AUTEUR : Eric John Hobsbawm
Né le 9 juin 1917, Eric John Hobsbawm est un historien britannique. Membre à partir de 1936 du Parti communiste de Grande-Bretagne. Il a beaucoup travaillé sur la question des nations et des nationalismes en Europe au XIX° siècle et au XX° siècle ainsi que sur l’invention des traditions par les nations. Il est l’auteur de L’Age des Extrêmes (2008).
OBJET : recueil de discours faits par l’auteur qui porte un regard rétrospectif sur le XX° siècle et s’interroge sur les attentes que l’on peut avoir du XXI° siècle.
RESUME :
I – Nature et mutation des Etats et du nationalisme
A / Les raisons de la crise de l’Etat-Nation
• l’Etat Nation a perdu son monopole traditionnel de la force armée.
• Sous l’impulsion de la mondialisation les Etats délaissent la majeure partie de leur prérogative traditionnelle au bénéfice d’opérateurs privés. Il y a eut en Irak 30000 hommes en armes, dépendants de sociétés commerciales en contrat avec les USA
• Mondialisation qui se manifeste aussi par une plus grande mobilité des êtres humains.
• Les deux piliers fondamentaux de la stabilité gouvernementale à vaciller à savoir la participation des citoyens à la vie politique et leur disposition à obéir à un Etat établi.
B / Les impacts
• Le matériel de guerre est désormais accessible aux milices (IRA, ETA), les conflits armés intérieurs sont devenus plus sérieux et plus longs (Colombie). (ex : Kalachnikov, 125 millions circulent dans le Monde aujourd’hui, on peut les commander sur internet aux EU)
• Montée des régionalismes (Espagne, France,…) et des nationalismes (Yougoslavie)
• Augmentation sans précédent du nombre « d’Etats défaillants » (= dont le gouvernement central se délite, ou avec montée de nationalismes rebelles) qui sont des régions instables.

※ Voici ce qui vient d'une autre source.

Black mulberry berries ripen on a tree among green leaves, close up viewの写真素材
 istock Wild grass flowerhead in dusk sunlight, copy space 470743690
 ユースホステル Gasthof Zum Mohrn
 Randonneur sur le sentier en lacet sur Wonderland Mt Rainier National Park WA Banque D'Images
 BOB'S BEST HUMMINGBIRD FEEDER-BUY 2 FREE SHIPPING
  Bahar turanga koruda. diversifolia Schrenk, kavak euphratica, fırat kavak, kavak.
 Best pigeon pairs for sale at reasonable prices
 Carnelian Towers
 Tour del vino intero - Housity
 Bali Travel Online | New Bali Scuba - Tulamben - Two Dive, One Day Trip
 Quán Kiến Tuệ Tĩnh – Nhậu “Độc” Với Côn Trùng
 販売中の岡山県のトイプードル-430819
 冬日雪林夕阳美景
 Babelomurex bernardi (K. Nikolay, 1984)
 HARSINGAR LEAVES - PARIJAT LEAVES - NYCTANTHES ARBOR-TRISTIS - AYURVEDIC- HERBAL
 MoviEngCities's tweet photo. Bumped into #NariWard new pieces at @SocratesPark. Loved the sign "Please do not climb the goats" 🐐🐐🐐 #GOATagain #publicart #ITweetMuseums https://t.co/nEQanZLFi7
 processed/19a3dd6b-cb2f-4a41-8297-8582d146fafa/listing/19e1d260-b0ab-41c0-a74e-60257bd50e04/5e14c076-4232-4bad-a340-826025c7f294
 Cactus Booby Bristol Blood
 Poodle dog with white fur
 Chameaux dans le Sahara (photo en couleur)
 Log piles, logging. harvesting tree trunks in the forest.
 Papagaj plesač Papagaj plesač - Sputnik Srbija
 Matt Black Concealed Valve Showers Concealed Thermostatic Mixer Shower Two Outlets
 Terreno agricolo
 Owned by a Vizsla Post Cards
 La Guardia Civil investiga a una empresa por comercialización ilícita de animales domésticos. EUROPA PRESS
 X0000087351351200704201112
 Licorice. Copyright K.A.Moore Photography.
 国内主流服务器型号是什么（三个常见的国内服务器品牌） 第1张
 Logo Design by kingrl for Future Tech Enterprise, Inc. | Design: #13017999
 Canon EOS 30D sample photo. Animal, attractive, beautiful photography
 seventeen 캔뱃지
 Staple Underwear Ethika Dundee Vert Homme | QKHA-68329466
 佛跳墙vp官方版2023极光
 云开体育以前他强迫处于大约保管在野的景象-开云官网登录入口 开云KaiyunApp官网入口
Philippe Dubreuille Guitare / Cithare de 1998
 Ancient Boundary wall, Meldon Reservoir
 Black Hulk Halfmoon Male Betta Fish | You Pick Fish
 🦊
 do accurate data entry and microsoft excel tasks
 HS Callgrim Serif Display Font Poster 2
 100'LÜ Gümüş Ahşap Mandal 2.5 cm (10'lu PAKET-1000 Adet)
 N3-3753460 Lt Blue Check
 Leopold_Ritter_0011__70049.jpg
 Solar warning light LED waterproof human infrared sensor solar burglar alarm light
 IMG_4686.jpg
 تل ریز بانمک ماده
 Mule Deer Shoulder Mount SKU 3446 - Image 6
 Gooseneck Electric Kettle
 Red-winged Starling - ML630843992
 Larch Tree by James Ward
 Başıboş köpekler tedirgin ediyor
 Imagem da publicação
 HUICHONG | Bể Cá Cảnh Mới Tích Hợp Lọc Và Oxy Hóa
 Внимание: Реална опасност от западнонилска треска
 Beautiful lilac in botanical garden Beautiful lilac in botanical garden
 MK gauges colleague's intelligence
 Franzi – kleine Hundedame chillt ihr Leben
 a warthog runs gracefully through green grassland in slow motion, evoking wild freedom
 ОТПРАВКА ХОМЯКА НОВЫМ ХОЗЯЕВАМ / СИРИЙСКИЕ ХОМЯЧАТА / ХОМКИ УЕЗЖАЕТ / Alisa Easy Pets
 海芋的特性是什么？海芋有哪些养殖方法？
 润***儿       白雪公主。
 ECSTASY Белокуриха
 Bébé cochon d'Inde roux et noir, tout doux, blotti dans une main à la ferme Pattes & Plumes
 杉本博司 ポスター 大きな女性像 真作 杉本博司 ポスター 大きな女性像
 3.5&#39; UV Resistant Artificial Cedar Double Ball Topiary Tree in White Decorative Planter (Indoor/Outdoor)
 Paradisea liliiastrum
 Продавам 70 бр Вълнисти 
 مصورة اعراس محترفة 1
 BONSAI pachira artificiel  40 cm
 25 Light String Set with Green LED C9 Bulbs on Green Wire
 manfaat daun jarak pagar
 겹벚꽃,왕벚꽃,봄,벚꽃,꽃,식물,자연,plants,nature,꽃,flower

• Conséquence inquiétante : le retour des massacres, nettoyages ethniques (Rwanda, ex-Yougoslavie) => Augmentation du nombre de réfugiés.
• Xénophobie grandissante.
• Déclin de la capacité d’un Etat à se faire obéir ou à obtenir la participation de ses citoyens.
Le véritable danger n’est plus un conflit interétatique mais un conflit intra étatique particulièrement dans les Etats pauvres, très inégalitaires et économiquement fragile. En 2004, la CIA a identifié 50 régions dans le Monde sur lesquelles les Etats exerçaient très peu de contrôle.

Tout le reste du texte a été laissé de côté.